> _EXERCISE_: Restate word for word the line containing "Borsa in pelle" and all remaining lines of the entries below.

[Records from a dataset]
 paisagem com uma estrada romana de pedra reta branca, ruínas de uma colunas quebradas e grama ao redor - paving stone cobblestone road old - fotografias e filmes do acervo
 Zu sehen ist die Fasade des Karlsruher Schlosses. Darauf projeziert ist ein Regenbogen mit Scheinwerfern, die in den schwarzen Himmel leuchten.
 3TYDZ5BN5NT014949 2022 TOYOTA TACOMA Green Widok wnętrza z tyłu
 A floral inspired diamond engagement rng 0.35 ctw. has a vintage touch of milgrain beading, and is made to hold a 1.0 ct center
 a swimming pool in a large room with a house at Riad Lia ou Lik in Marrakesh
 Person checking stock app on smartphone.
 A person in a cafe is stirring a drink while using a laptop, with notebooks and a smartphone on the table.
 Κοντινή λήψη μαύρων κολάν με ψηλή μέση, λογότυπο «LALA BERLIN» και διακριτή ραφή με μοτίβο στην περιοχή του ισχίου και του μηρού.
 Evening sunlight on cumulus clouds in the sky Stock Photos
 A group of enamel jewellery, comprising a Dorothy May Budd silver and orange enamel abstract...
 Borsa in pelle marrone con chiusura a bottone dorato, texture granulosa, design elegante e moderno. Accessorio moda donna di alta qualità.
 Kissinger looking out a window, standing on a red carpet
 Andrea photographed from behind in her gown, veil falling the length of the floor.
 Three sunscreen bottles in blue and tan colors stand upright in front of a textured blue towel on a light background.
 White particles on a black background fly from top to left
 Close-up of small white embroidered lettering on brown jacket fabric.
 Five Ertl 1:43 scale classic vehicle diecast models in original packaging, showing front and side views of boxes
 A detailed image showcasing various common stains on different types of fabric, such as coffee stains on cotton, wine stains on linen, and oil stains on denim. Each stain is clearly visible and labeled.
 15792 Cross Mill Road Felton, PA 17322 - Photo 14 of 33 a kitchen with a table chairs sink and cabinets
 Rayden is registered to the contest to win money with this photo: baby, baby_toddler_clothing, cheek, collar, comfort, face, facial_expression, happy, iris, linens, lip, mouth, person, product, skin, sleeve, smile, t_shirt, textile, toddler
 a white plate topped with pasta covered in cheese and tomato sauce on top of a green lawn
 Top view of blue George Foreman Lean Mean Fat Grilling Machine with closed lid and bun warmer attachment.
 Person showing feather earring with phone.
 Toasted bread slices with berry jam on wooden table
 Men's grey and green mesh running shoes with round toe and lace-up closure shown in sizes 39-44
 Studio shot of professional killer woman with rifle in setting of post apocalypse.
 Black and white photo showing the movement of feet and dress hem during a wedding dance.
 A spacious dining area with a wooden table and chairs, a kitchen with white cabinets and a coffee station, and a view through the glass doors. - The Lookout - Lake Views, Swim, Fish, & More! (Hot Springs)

> _RESPONSE_:
 Borsa in pelle marrone con chiusura a bottone dorato, texture granulosa, design elegante e moderno. Accessorio moda donna di alta qualità.
 Kissinger looking out a window, standing on a red carpet
 Andrea photographed from behind in her gown, veil falling the length of the floor.
 Three sunscreen bottles in blue and tan colors stand upright in front of a textured blue towel on a light background.
 White particles on a black background fly from top to left
 Close-up of small white embroidered lettering on brown jacket fabric.
 Five Ertl 1:43 scale classic vehicle diecast models in original packaging, showing front and side views of boxes
 A detailed image showcasing various common stains on different types of fabric, such as coffee stains on cotton, wine stains on linen, and oil stains on denim. Each stain is clearly visible and labeled.
 15792 Cross Mill Road Felton, PA 17322 - Photo 14 of 33 a kitchen with a table chairs sink and cabinets
 Rayden is registered to the contest to win money with this photo: baby, baby_toddler_clothing, cheek, collar, comfort, face, facial_expression, happy, iris, linens, lip, mouth, person, product, skin, sleeve, smile, t_shirt, textile, toddler
 a white plate topped with pasta covered in cheese and tomato sauce on top of a green lawn
 Top view of blue George Foreman Lean Mean Fat Grilling Machine with closed lid and bun warmer attachment.
 Person showing feather earring with phone.
 Toasted bread slices with berry jam on wooden table
 Men's grey and green mesh running shoes with round toe and lace-up closure shown in sizes 39-44
 Studio shot of professional killer woman with rifle in setting of post apocalypse.
 Black and white photo showing the movement of feet and dress hem during a wedding dance.
 A spacious dining area with a wooden table and chairs, a kitchen with white cabinets and a coffee station, and a view through the glass doors. - The Lookout - Lake Views, Swim, Fish, & More! (Hot Springs)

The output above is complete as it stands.